In the end, McPhee says the work he does as Lexington Symphony’s music director all boils down to one thing: the audience. “The audience is really special in Lexington, and they are critical to feeling satisfied with a well-played concert,” he explains. “An orchestra is a living, breathing thing, and the audience is what we live for. Our job is to inspire, entertain, and educate. Providing that balance in Lexington has been, and continues to be, exhilarating.”
Four Lexington Symphony musicians (Elizabeth Whitfield, Rebecca Hawkins, William Kirkley, and Jobey Wilson) visited 24 schools in January as part of the Symphony’s Orchestrating Kids Through Classics™ (OKTC) program. The classroom visits were a prelude to four concerts exploring the history of classical music offered by Music Director Jonathan McPhee and Lexington Symphony, which took place at the end of January.
During the brief (45-minute) school visits, the musicians covered a multitude of topics, including science, math, history, and language arts. The idea of playing a position on a sports team was used as a comparison to the differing roles musicians play within an orchestra.
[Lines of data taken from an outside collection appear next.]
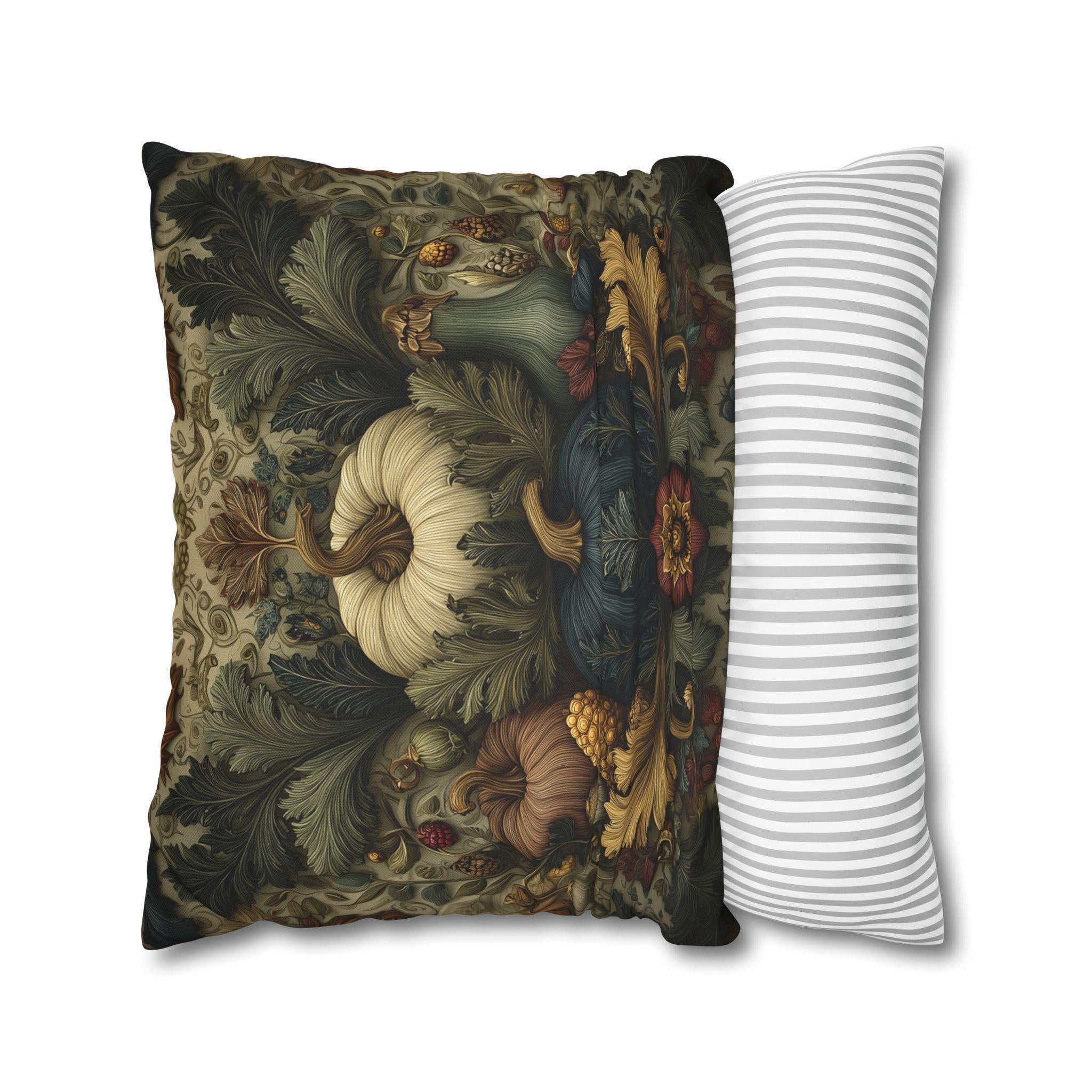William Morris Inspired Autumn Harvest Tapestry Pillow Cover: Deep Teal with Ivory Blue & Gold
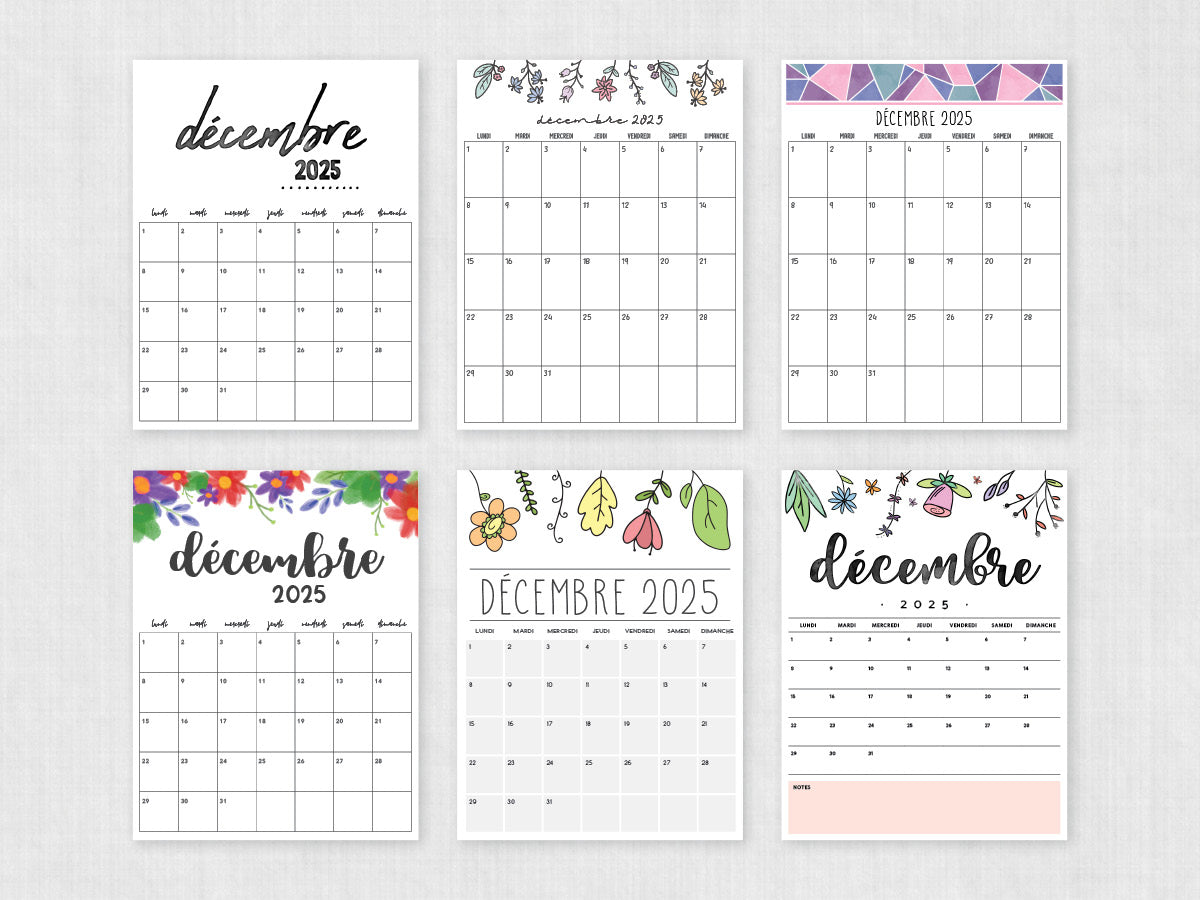 décembre 2025 calendrier imprimable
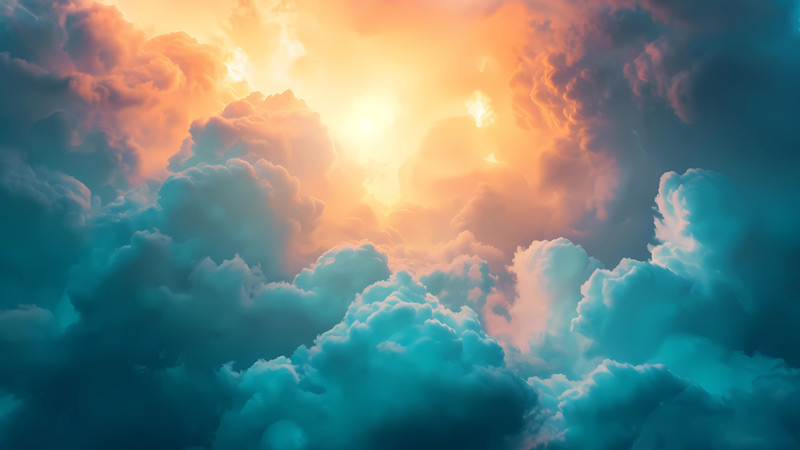 天空深处云海翻腾 宛如惊涛骇浪绝美风光大图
Different types of chocolate came in handy as an example when explaining musical “themes and variations,” and the suggestion of pouring water into a tuba (figuratively, of course) helped students envision how a tuba’s pitch can be highered or lowered.
The musicians also infused their presentations with plenty of humor (as demonstrated in the photo above). “They spoke to the students right at their level, and did a great job keeping their interest,” reported one of the classroom teachers.